Memories of Ken
From Eugene McDonnell
Ken at Harvard: Just today I tried to remember the economist that Ken worked for at Harvard and a Google search led me to the right man: Wassily Leontief the originator of the input-output matrix for the economy of nations. Leontief was on Kens PhD committee and it must have stimulated his interest in matrices. Leontief won the 1973 Nobel Economics medal for this work.
In his (French) obituary Sylvain Baron mentioned Kens PhD thesis (1954) Machine Solutions of Differential Equations, which topic I imagine was suggested to him by Howard Aiken the developer of three or four Harvard relay computers during WWII. I once made an attempt to read this to no avail. I had studied differential equations as the last portion of Integral Calculus while I was in the Army (1945) and could solve differential equations with my army-issued K&E loglog duplex decitrig poyphase slide rule and the final test was three differential equations. I held up my hand and asked Dr Downing if we could use our slide rules, and he said yes so I handed in my twice-checked test paper in ten minutes, while the rest of my fellow soldiers sweated for two hours.
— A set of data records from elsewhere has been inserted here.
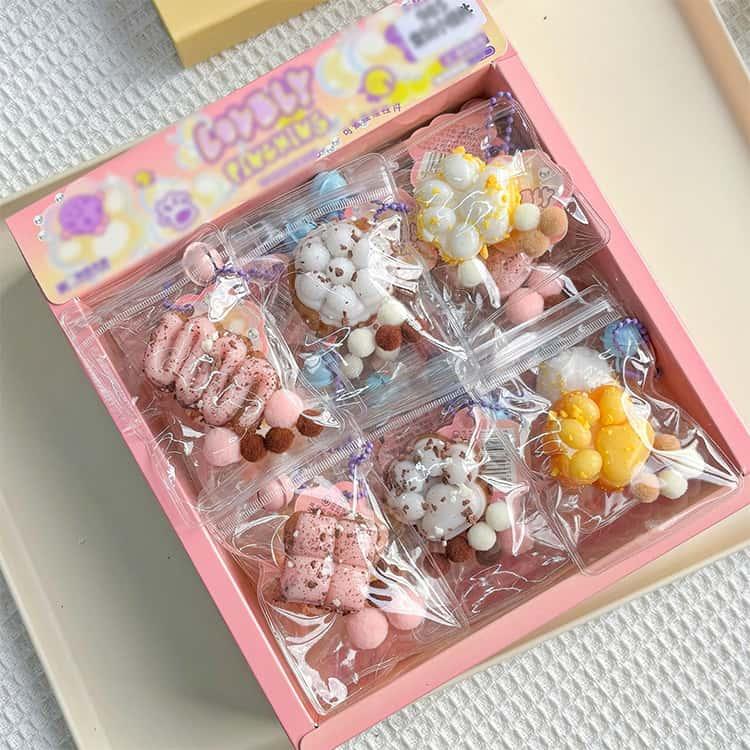 6個セット！肉球 スクイーズ キーホルダー ストレス解消 かわいい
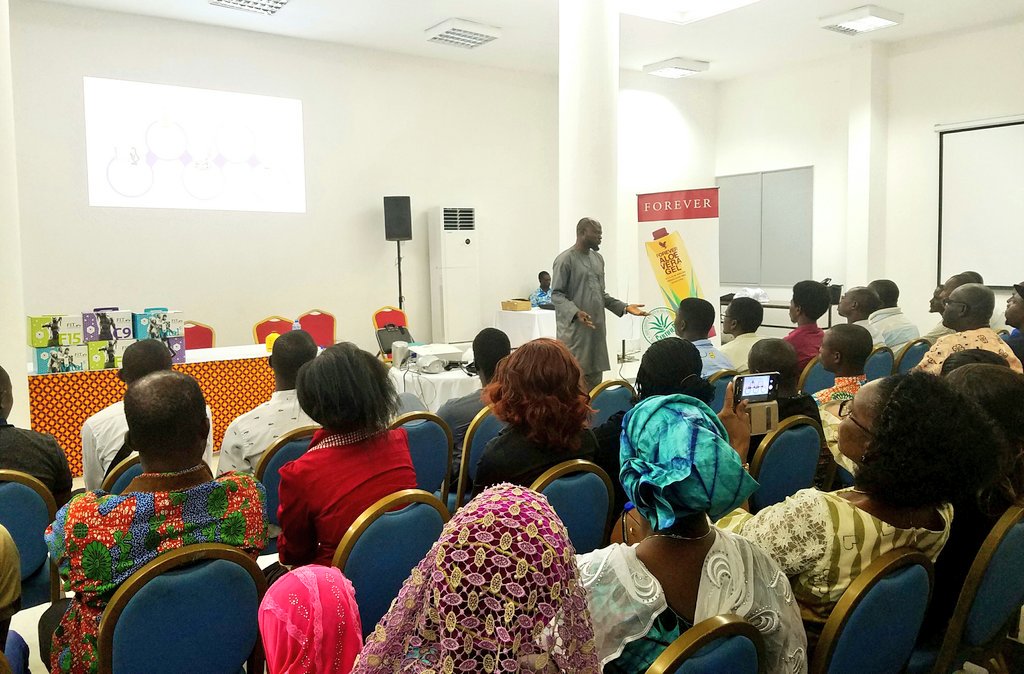 BuildersTeamF's tweet photo. Présentation:
《comment devenir Forever Business Owners》 #FBO chez @ForeverGlobalHQ par le Manager Issoufou Abdourafiou de la #BuildersTeam
@BGreatForever
#FLP
@ForeverFranceHQ https://t.co/fV0rCV0HzO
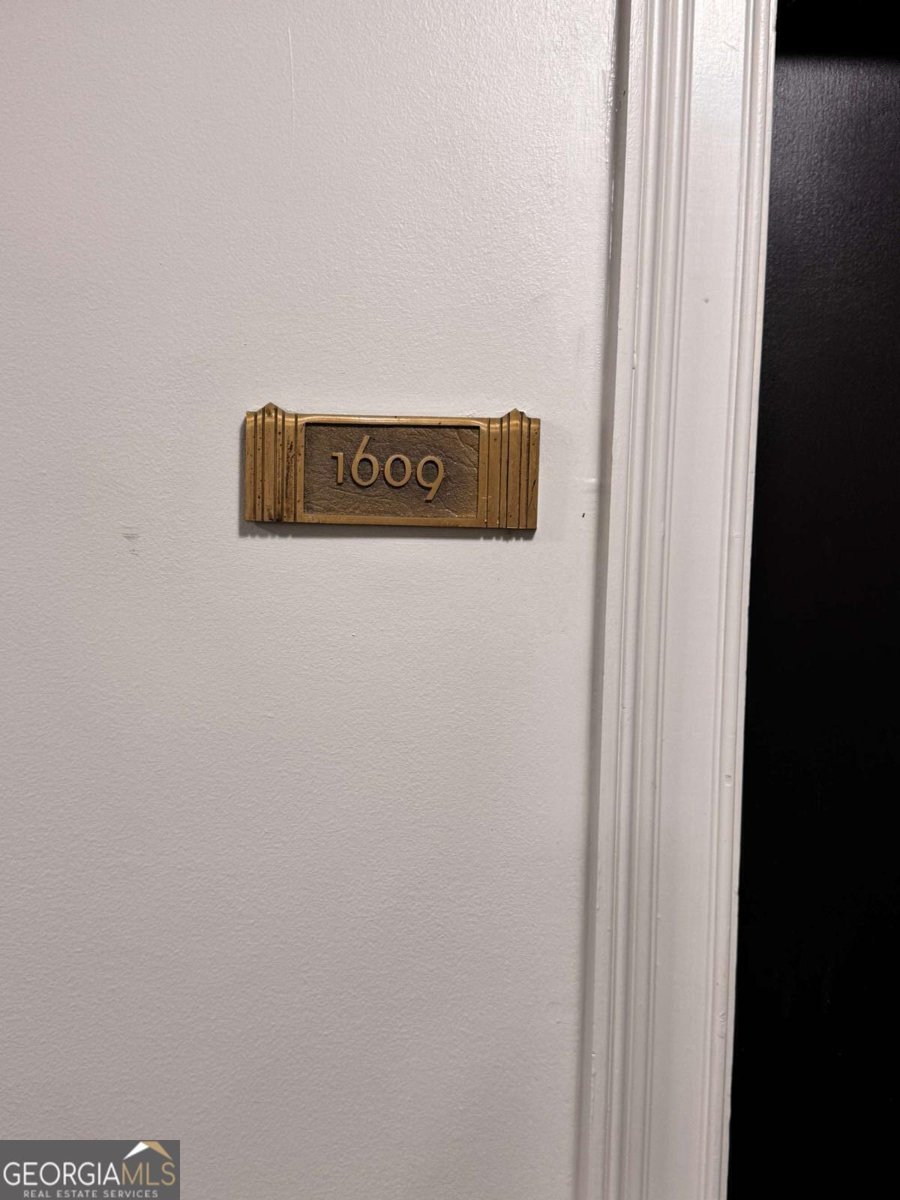 2870 Pharr Court South Atlanta - 4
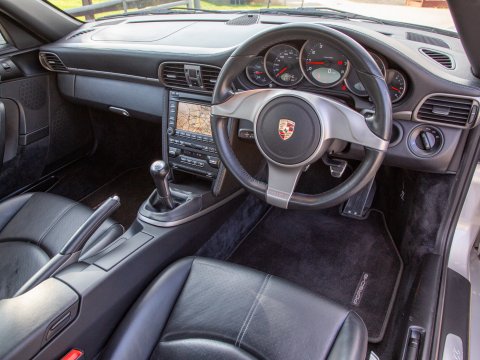 Porsche 911 CARRERA 2 29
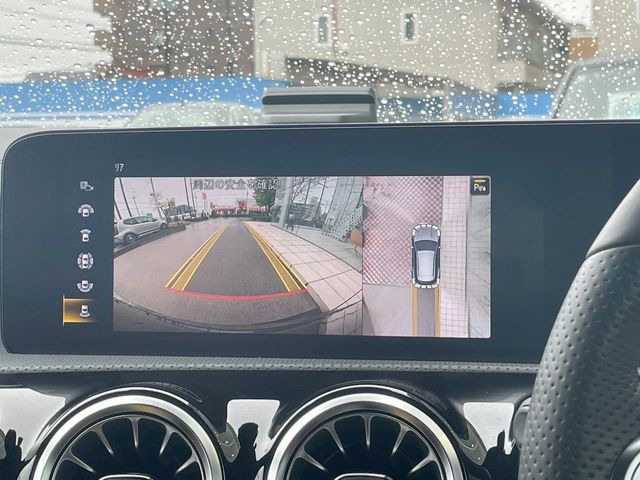 ●パノラミックビューモニター:専用のカメラにより、上から見下ろしたような視点で360度クルマの周囲を確認することができます☆死角部分も確認しやすく、狭い場所での切り返しや駐車もスムーズに行えます。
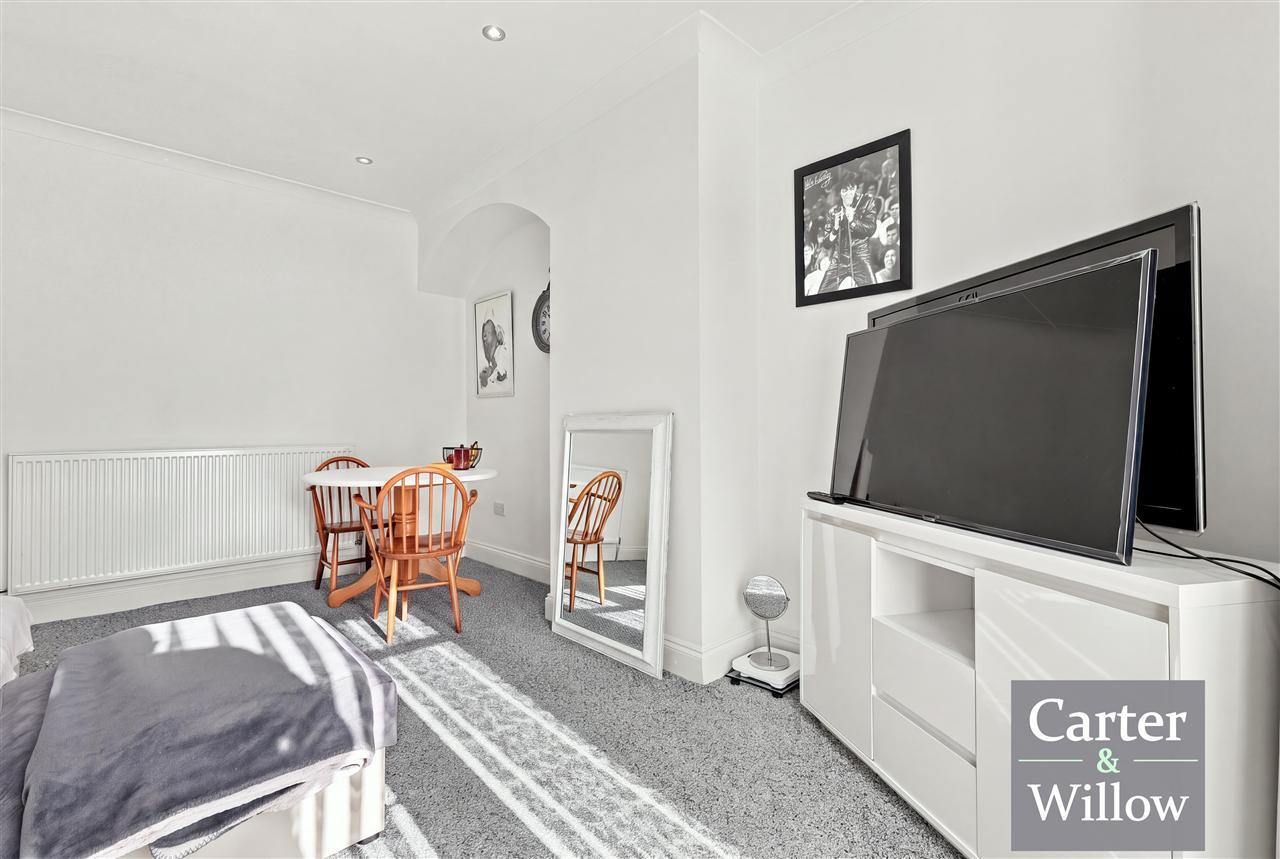 Arnold Road, Essex Image 10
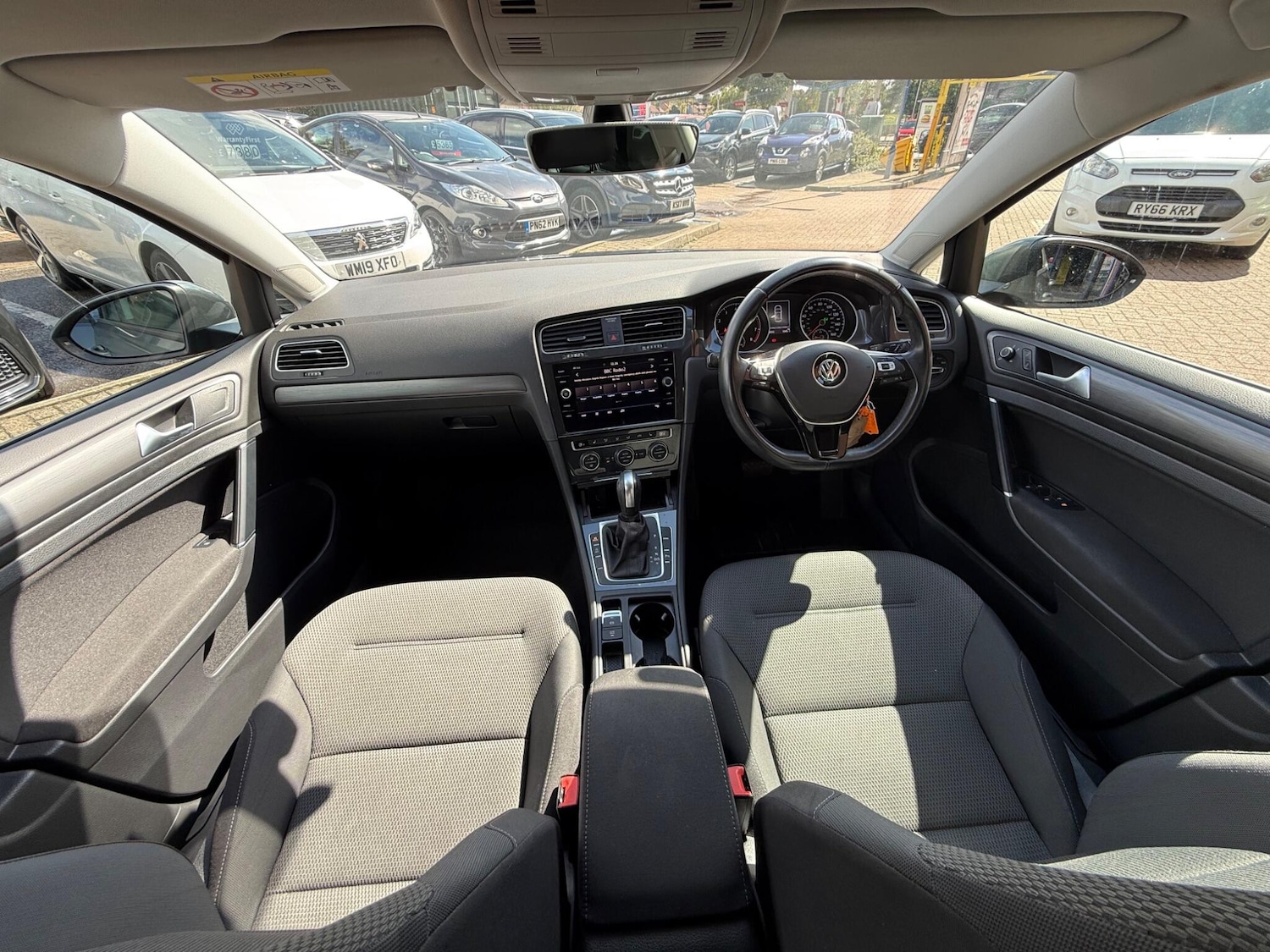 Used Volkswagen Golf 2020 for sale - 76551926: Photo 25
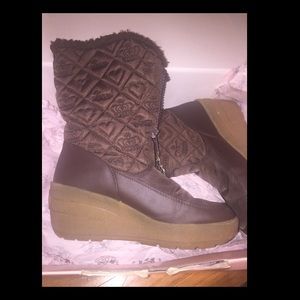 Juicy Couture Shoes - Juicy Couture Snow Boots Juicy Couture Shoes - Juicy Couture Snow Boots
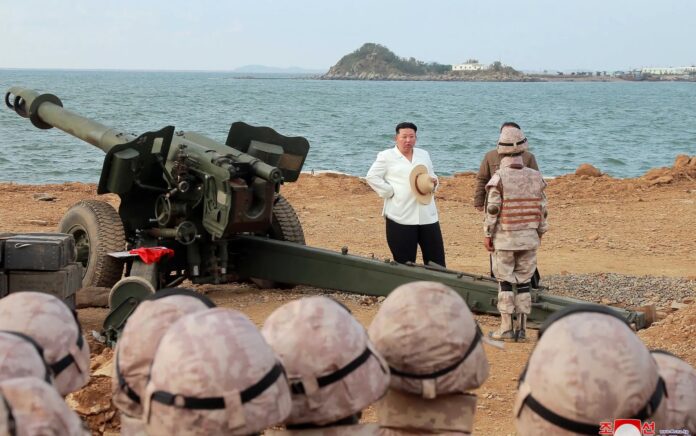 Pemimpin Korea Utara Kim Jong Un mengawasi latihan militer di sebuah lokasi yang dirahasiakan di Korea Utara, dalam foto tak bertanggal yang dirilis pada 10 Oktober oleh Kantor Berita Pusat Korea Utara.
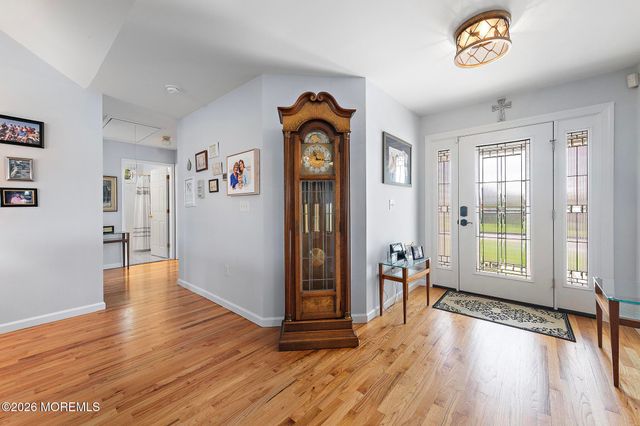 1 Jackson Court, Monmouth Beach, NJ 07750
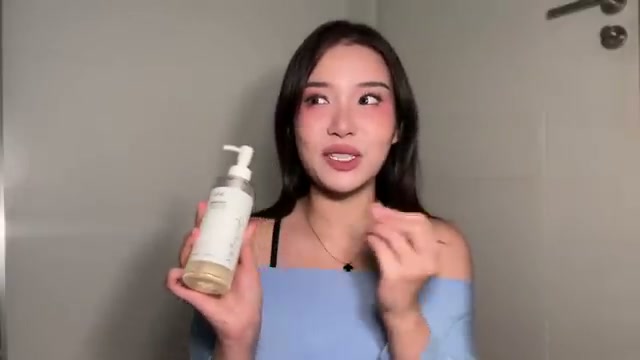 @tonisia reviewing Anua Heartleaf Pore Control Cleansing Oil at 08:30 in a YouTube Shorts video
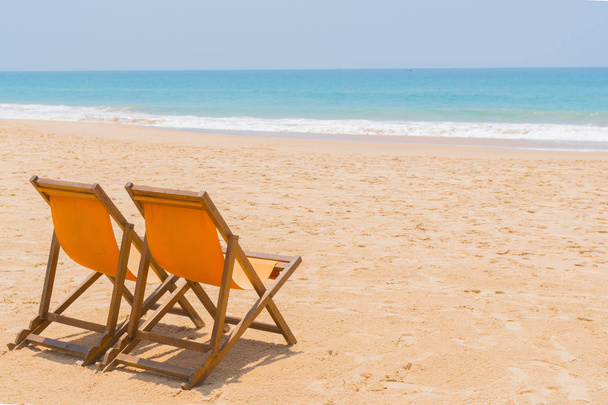 Strandstoelen op het strand van de Oceaan. - Foto, afbeelding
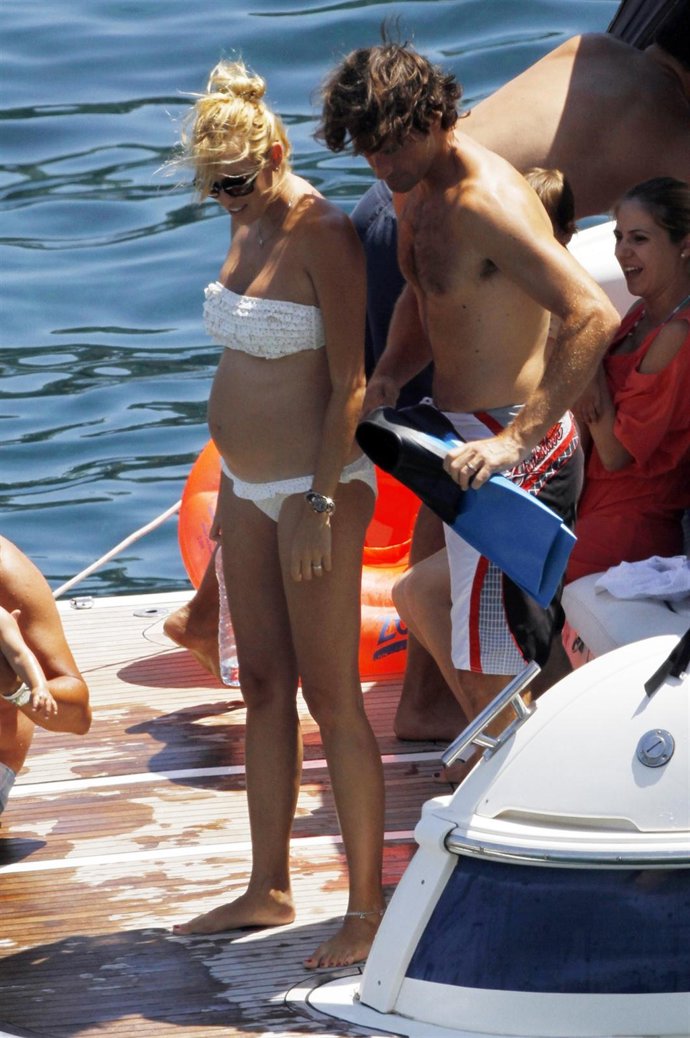 Carolina Cerezuela y Carlos Moyá en un barco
I remember being told that Fred Brooks was Kens teaching assistant, and this led to their partnership in writing Automatic Data Processing, the first edition of which used the IBM 650 as the model machine and I think they had a formal description of the machine in the book.
And I think it was Brooks who, after he had left Harvard to work at IBM, recruited Ken to come work there too after Ken didnt get tenure at Harvard. In his introduction to A Programming Language Ken mentions the large debts he owed to Aiken and Brooks.
While at Harvard Ken wrote a report to Bell Labs which was the earliest publication using his notational schemes. I remember that the specification arrow pointed to the right!
While still at Harvard, in 1960, Ken wrote The Description of Finite Sequential Machines, which is the first place in which the notation for floor and ceiling appears. This was read by Mike Montalbano, then at Stanford, who had worked with George Dantzig, the developer of the simplex method for linear programming at the National Bureau of Standards, in Washington, D.C. He writes:
The page had an illustration that, in a few short lines, described George Dantzigs simplex algorithm simply and precisely. That was the overwhelming, crucial experience. In the previous thirteen years, I had participated in so many murky discussions of what was here presented with crystal clarity that I knew that what I was reading was of enormous significance to the future of computing.
I had a fellowship at Harvard 1949-1951 and left before Ken began to study there. My major study there was Dantes Divine Comedy in Italian.